(Excerpts from a dataset)
+-------+

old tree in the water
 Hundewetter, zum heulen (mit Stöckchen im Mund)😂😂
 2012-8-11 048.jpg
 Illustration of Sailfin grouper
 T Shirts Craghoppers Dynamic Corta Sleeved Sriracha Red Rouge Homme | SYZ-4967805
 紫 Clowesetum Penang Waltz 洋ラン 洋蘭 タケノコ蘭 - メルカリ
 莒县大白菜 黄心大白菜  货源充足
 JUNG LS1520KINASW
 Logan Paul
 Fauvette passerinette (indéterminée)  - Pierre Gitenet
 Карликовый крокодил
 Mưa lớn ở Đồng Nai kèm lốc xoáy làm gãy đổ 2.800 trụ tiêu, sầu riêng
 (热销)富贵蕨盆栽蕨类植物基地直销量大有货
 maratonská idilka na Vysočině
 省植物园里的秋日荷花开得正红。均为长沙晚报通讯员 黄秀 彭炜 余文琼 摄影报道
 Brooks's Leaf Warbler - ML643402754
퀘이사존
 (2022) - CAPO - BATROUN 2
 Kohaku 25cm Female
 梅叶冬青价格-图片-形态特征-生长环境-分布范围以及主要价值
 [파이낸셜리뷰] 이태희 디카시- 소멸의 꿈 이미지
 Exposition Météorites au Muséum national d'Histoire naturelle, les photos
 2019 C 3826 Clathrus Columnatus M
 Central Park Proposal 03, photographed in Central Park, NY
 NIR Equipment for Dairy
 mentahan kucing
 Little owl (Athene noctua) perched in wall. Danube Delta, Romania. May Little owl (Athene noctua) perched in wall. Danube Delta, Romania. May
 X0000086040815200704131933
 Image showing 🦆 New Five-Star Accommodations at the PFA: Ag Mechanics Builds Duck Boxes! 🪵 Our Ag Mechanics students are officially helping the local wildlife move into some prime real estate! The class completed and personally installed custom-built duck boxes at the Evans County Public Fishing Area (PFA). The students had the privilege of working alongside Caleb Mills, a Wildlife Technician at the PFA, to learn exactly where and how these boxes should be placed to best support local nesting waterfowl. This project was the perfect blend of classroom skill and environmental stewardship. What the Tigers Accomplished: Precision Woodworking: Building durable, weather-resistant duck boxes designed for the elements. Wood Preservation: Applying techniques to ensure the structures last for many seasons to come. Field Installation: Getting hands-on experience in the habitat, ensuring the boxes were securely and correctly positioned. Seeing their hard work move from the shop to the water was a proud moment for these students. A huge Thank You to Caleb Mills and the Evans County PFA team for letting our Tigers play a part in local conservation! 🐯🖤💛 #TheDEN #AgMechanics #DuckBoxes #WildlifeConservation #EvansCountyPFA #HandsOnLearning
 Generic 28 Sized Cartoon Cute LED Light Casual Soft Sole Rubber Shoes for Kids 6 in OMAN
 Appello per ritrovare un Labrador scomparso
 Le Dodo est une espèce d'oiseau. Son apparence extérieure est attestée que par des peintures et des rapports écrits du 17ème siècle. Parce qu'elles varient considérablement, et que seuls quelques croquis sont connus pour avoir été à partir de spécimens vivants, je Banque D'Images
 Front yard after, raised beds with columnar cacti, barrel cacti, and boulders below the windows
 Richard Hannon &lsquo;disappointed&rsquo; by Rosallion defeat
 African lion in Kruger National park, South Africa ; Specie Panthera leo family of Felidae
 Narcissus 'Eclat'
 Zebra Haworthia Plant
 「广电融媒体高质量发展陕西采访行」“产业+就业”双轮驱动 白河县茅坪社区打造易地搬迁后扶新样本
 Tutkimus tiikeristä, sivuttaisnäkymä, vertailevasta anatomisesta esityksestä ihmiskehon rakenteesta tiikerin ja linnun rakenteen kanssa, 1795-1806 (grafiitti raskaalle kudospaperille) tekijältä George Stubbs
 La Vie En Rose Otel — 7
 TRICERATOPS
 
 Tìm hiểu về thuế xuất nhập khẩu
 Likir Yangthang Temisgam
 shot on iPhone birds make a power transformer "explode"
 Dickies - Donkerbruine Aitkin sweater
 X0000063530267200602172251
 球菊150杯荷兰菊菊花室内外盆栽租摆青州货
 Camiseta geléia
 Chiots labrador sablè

+-------+

> ABOUT THIS TASK: Above this instruction are the records; retype exactly the lines from the one containing "Exposition Météorites au" up to and including the one containing "X0000086040815200704131933".

> TASK RESULT:
 Exposition Météorites au Muséum national d'Histoire naturelle, les photos
 2019 C 3826 Clathrus Columnatus M
 Central Park Proposal 03, photographed in Central Park, NY
 NIR Equipment for Dairy
 mentahan kucing
 Little owl (Athene noctua) perched in wall. Danube Delta, Romania. May Little owl (Athene noctua) perched in wall. Danube Delta, Romania. May
 X0000086040815200704131933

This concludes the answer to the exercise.